Open Sn0rt opened 9 months ago

Sn0rt commented 9 months ago

I found that the implementation of the prometheus library requires manual recycling of the metric if the metric is no longer updated.

I think if nginx-lua-prometheus supports the new option expiration, it means that this metric will be recycled if it is not updated within the specified time.

init_worker_by_lua_block {
   prometheus = require("prometheus").init("prometheus_metrics", {exptime = 360})
}

and exptime default is 0

The optional exptime argument specifies expiration time (in seconds) for the inserted key-value pair. The time resolution is 0.001 seconds. If the exptime takes the value 0 (which is the default), then the item will never expire.

I think it is enough to simply implement it based on share dict.

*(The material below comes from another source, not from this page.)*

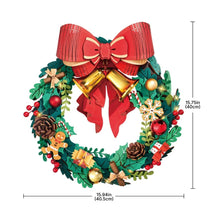 Charger l'image dans la galerie, Puzzle 3D - Couronne de Noël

knyar commented 9 months ago

I found that the implementation of the prometheus library requires manual recycling of the metric if the metric is no longer updated.

I believe that's pretty standard for the Prometheus ecosystem. Once created, metrics exist until the process ends.

It's totally reasonable for a metric to not get updated for a long time. For example, a counter that tracks the number of errors is hopefully not incremented very often. But in most cases it would be unhelpful to delete it after it has been incremented.

I think if nginx-lua-prometheus supports the new option expiration, it means that this metric will be recycled if it is not updated within the specified time.

Does it need to be part of the nginx-lua-prometheus library? We provide del and reset methods for counters and gauges that I believe should make it possible to implement time-based deletion of metrics if it is necessary in your environment.

Sn0rt commented 9 months ago

In the openresty ecosystem, metrics are usually recorded in the log phase. However, there is no appropriate phase to manually destroy metric records.

If you use TTL to destroy, it is more in line with openresty's practice, instead of using more complex logic to maintain the share dict required by prometheus.

I can implement this feature if you agree with this requirement.

knyar commented 9 months ago

There are a lot of moving pieces we have which were mostly added for performance reasons (per-worker counters that get regularly flushed to the main dict, separate keys in the dict for metric names), and integrating time-based expiry correctly will not be trivial and will likely further increase complexity of the library.

Also, I believe as a use case this is sufficiently unusual and niche that I would be hesitant to support it natively. I am not sure many other Prometheus metric libraries have functionality like this, and a quick search for "TTL" in Prometheus mailing list suggest that every time this has been discussed, there was a more idiomatic way to achieve whatever was needed. I am not trying to tell you that what you are trying to do is wrong, but I would suggest trying to find a solution without making changes to the library.

I've not though too much about it, but perhaps you might be able to do it by keeping track of metric usage in another dict and calling del or reset from a timer?

Sn0rt commented 8 months ago

I think since this library is in the nginx ecosystem, it is more practical to better adapt to the nginx ecosystem.

Simply using timer implementation may be more complicated than implementing ttl in the library.

  1. In the nginx ecosystem, there is indeed no appropriate time to call del and reset.
  2. Moreover, ttl can be a default configuration option or not enabled by default. The workload is very small. I wrote a POC https://github.com/Sn0rt/nginx-lua-prometheus/pull/1
knyar commented 8 months ago

In the nginx ecosystem, there is indeed no appropriate time to call del and reset.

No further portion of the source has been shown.